The Fulbright Program is the flagship international educational exchange program sponsored by the U.S. government and is designed to increase mutual understanding between the people of the United States and the people of other countries. The primary source of funding for the Fulbright Program is an annual appropriation made by the U.S. Congress to the U.S. Department of State, Bureau of Educational and Cultural Affairs. Participating governments and host institutions, corporations and foundations in foreign countries and in the United States also provide direct and indirect support. Recipients of Fulbright grants are selected on the basis of academic or professional achievement, as well as demonstrated leadership potential in their fields. The Program operates in over 155 countries worldwide. Each year Vassar College supports as many as 40+ applicants for Fulbright Grants. Vassar College will forward to the Fulbright Commission all appropriately completed applications for a Fulbright award. Recipients are chosen by the National Screening Committee.
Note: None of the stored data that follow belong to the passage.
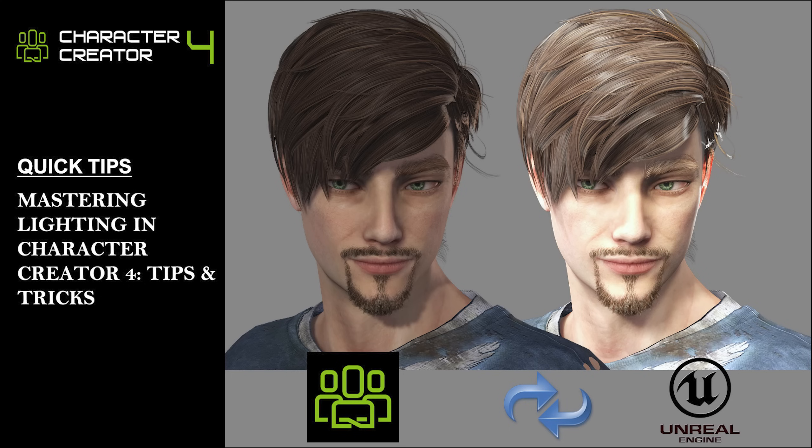Hey everyone, welcome back. Today, I'll show you how to use lighting in Character Creator 4 to make your characters look amazing. Let's dive in.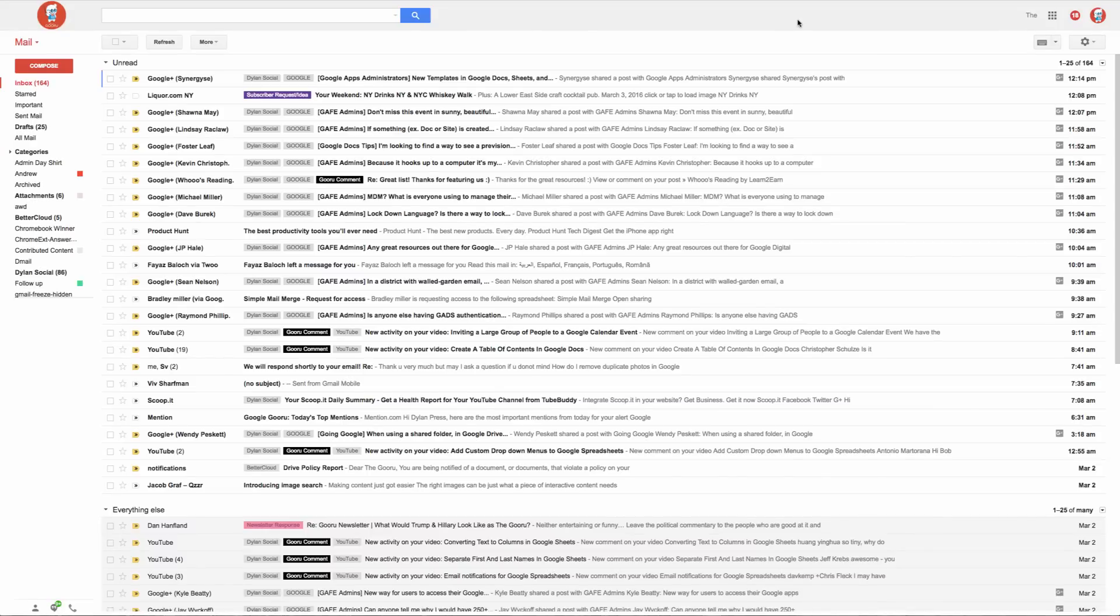Hey everyone, welcome back to the Guru. Today I'm going to show you how to use the Quick Links Lab for Gmail. The Quick Links Lab allows you to create a link in your Gmail inbox to get where you need to be in just one click.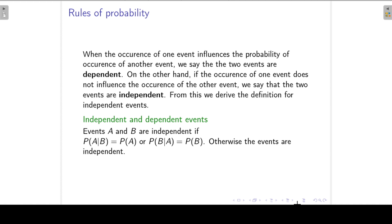From this we can derive the definition for independent events. Events A and B are independent if the conditional probability of A given B is equal to the probability of A, and the conditional probability of B given A is equal to the probability of B. That means the probability that A will take place, given that we know B took place, is just the same as the probability of A. So whether B took place or did not take place, it will not influence the probability of event A.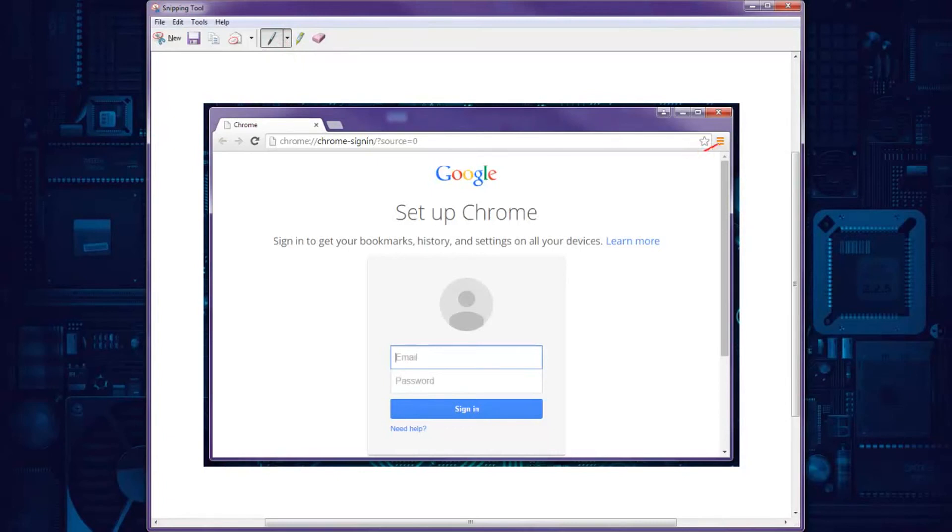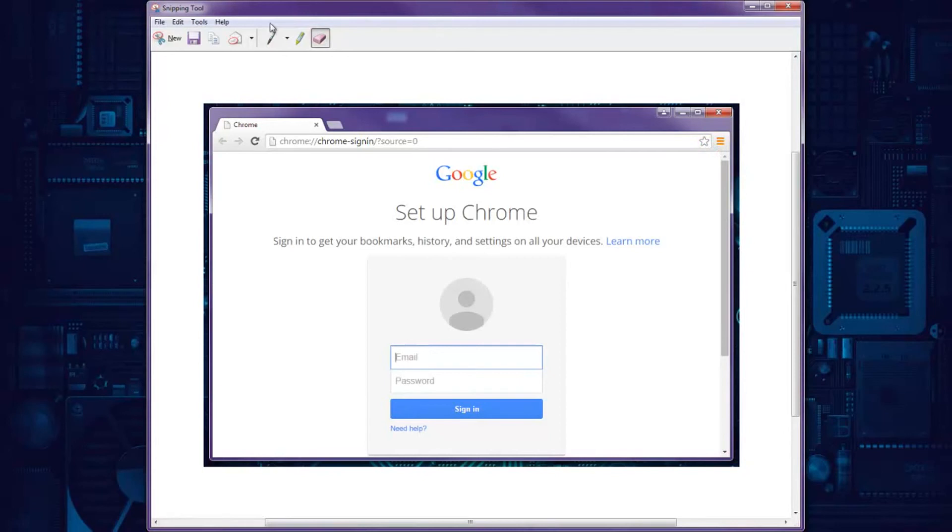So let's say I'm telling my friend, 'Hey, this is where the menu is.' That's not a very good arrow. I can use the eraser and erase what I just did, then draw my arrow again. I can say, 'This is where the menu is.'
Hattie Goodwin ‘21, ETA, Spain: I greatly respect the Fulbright fellowship's reputation for providing support for graduates from the United States to effectively assist educators abroad in teaching English to young people. I have always been drawn to the field of education due to its transformative potential. There are few places in which people are encouraged to be as open to new
opportunities as they are in the classroom space. Due to this potential, I feel excited at the prospect of sharing a classroom community with young people from backgrounds differing drastically from my own. A community such provides the opportunity for great cultural exchange. In regards to my choice in selecting Spain as a host country, I have found Spain to be incredibly rich in culture and
history. While studying abroad in Madrid, I found that simply walking to a cafe could cause me to stumble upon a piece of history dating back centuries. Additionally, I could be exposed to a much more recent yet no less fascinating history by sitting at the kitchen table with my host grandmother and asking her questions about being a young person during Franco's dictatorship. I also recognize that this country is not free from inequality and injustice even if its forms look different than they do in the United States. As I have chosen to focus deeply on inequality and social justice through my time at Vassar, I am eager to learn more about these dynamics in the context of my host community. Culture is not only defined by what makes a space enjoyable. I believe in order to get a deeper understanding of my host community, I must also learn about what challenges it faces.
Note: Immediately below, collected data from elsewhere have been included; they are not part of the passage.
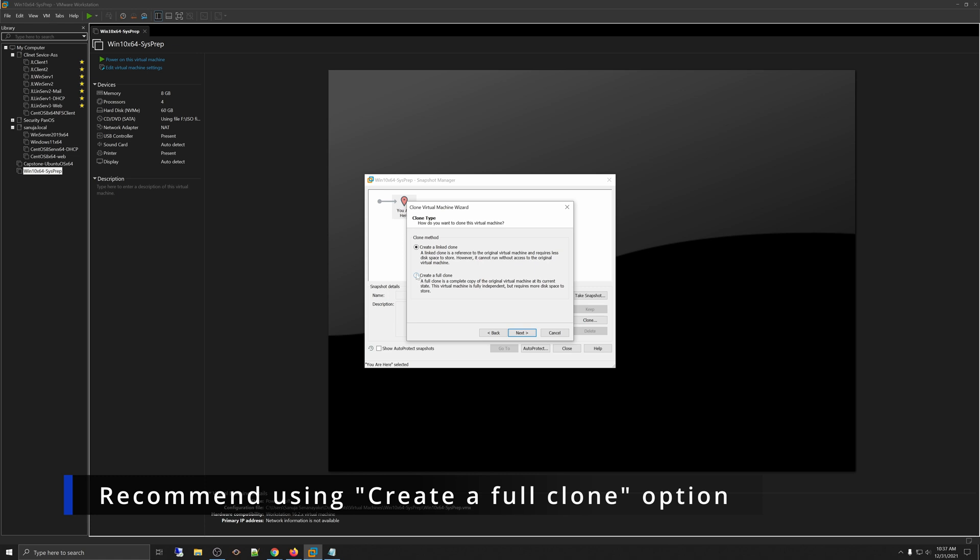And instead of going for a link clone, I would recommend that you go with the full clone. The difference between a link clone and a full clone is basically link clone use less resources, such as the hard drive space. However, if you accidentally turn this sysprep machine on, all your other machines that is linked to that sysprep may get corrupted. So, my recommendation is always choose create a full clone and then click Next.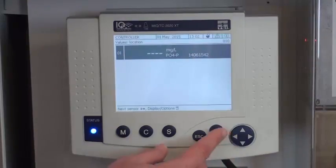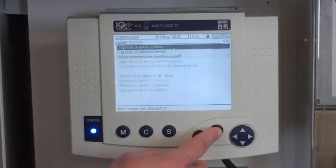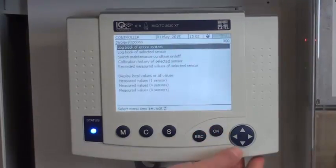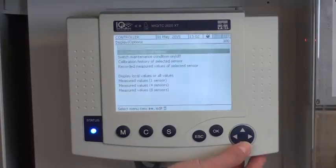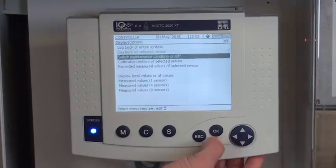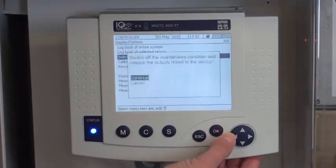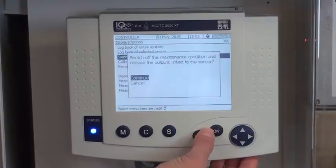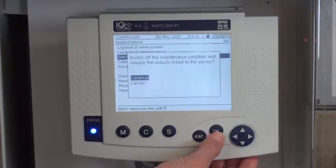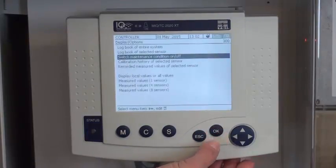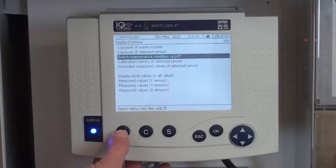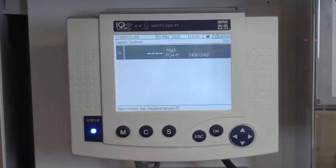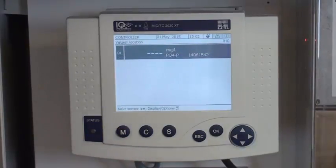Since we just did startup, don't forget to go back in and turn maintenance condition off. And then press M to go back to the measurement screen.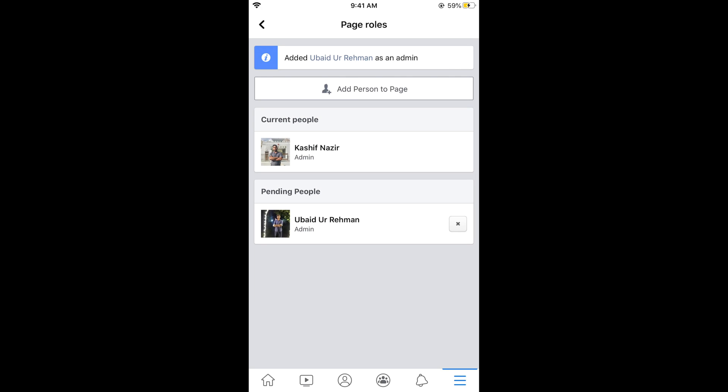And this person is added as an admin. This person would have been sent a notification on Facebook. And if he accepts this invitation this person would be the admin of the page.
Julie Morel ‘19, India: I will conduct an intersectional study amongst northern urban and southern rural regions in India to understand the different types of support people and their roles throughout a woman's perinatal life cycle. By speaking with low-income lactating women who have recently given birth, I will seek to understand whether or not their care-seeking experiences
were intentional or unintentional, and how the interactions with their support networks followed. Ultimately, this research aims to analyze how pregnant and birthing women can be better supported throughout their perinatal period, and how the impact of these different support people can be expanded in all types of settings -- institutionalized or at home, urban or rural. Unfortunately, the non-clinical side of perinatal care is quite misunderstood in India and therefore holds very little value. However, countless studies worldwide are revealing that birth outcomes are often swayed heavily by the presence of a support person prior to and during birth, so this research aims to understand its value in an Indian cultural context. Based for the first half in New Delhi with The George Institute for Global Health and for the second half in rural Karnataka with the Bangalore Birth Network, this research hopes to span across geographical confines, understanding the struggles of homeless mothers in India's capital as well as in rural villages in a post-covid-19 world, where out-of-hospital birth rates have been soaring.